Total context-response pairs: 264


## Load Models

In [11]:
from transformers import AutoTokenizer, AutoModelForSeq2SeqLM

In [12]:
# Load the model and tokenizer from Hugging Face
model_name = "t5-base"
tokenizer = AutoTokenizer.from_pretrained(model_name)
model = AutoModelForSeq2SeqLM.from_pretrained(model_name)

config.json:   0%|          | 0.00/1.21k [00:00<?, ?B/s]

spiece.model:   0%|          | 0.00/792k [00:00<?, ?B/s]

tokenizer.json:   0%|          | 0.00/1.39M [00:00<?, ?B/s]

model.safetensors:   0%|          | 0.00/892M [00:00<?, ?B/s]

generation_config.json:   0%|          | 0.00/147 [00:00<?, ?B/s]

In [13]:
# Directory to save the model and tokenizer
save_directory = "./local_models/t5-base"

In [14]:
# Save the tokenizer and model locally
tokenizer.save_pretrained(save_directory)
model.save_pretrained(save_directory)

print(f"✅ Model and tokenizer saved locally at {save_directory}")

✅ Model and tokenizer saved locally at ./local_models/t5-base


In [15]:
# Load the locally saved model and tokenizer
local_tokenizer = AutoTokenizer.from_pretrained(save_directory)
local_model = AutoModelForSeq2SeqLM.from_pretrained(save_directory)

print("✅ Model and tokenizer loaded successfully from local directory.")

✅ Model and tokenizer loaded successfully from local directory.


## Apply Encoding

In [16]:
def encode_context(context):
    """
    Encode the context using a transformer model.
    """
    inputs = tokenizer.encode(context, return_tensors="pt", max_length=512, truncation=True)
    return inputs

## Train Model

In [17]:
from torch.optim import AdamW
from torch.nn import CrossEntropyLoss
import torch

def train_cag_model(context_response_pairs, epochs=3, learning_rate=5e-5):
    optimizer = AdamW(model.parameters(), lr=learning_rate)
    model.train()

    for epoch in range(epochs):
        total_loss = 0
        for context, response in context_response_pairs:
            # Encode context and response
            context_inputs = encode_context(context)
            response_inputs = encode_context(response)

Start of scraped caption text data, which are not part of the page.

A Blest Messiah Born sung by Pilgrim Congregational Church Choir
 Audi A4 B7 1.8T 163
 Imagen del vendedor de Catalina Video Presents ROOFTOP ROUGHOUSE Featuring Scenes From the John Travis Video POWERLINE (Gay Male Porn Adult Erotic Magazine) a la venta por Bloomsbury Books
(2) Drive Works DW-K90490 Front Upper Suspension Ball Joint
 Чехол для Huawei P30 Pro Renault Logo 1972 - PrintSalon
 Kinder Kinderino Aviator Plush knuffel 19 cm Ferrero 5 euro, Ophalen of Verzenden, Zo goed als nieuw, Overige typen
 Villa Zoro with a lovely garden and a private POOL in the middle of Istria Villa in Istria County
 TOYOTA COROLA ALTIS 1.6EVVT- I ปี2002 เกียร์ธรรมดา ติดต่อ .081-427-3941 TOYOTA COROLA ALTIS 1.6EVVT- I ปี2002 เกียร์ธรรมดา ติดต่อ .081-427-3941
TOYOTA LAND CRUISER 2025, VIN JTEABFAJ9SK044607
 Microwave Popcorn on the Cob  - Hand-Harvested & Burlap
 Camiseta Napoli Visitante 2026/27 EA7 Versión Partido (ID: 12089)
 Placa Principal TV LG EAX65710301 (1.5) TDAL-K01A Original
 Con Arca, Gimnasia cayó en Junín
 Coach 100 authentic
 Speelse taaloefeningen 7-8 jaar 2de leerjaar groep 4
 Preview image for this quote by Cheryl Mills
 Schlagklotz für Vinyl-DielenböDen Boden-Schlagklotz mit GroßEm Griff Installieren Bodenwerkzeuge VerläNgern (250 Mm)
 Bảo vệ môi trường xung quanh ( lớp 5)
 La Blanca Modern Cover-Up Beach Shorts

            # Generate outputs
            outputs = model(input_ids=context_inputs, labels=response_inputs)

            # Calculate loss and backpropagate
            loss = outputs.loss
            total_loss += loss.item()
            loss.backward()
            optimizer.step()
            optimizer.zero_grad()

        print(f"Epoch {epoch+1}/{epochs} - Loss: {total_loss/len(context_response_pairs)}")

# Train the model
train_cag_model(context_response_pairs)

Passing a tuple of `past_key_values` is deprecated and will be removed in Transformers v4.48.0. You should pass an instance of `EncoderDecoderCache` instead, e.g. `past_key_values=EncoderDecoderCache.from_legacy_cache(past_key_values)`.


Epoch 1/3 - Loss: 0.8295803365475546
Epoch 2/3 - Loss: 0.05924200758553608
Epoch 3/3 - Loss: 0.004273090744887172


In [20]:
def generate_local_response(context):
    """
    Generate a response based on the given context using the locally saved model.
    """
    local_model.eval()
    inputs = local_tokenizer.encode(context, return_tensors="pt")
    output = local_model.generate(inputs, max_length=50, num_beams=5, early_stopping=True)
    response = local_tokenizer.decode(output[0], skip_special_tokens=True)
    return response

# Test the locally loaded model
context = "What is the importance of context-aware generation in AI?"
print("Generated Response:")
print(generate_local_response(context))

Generated Response:
What is the importance of context-aware generation in AI?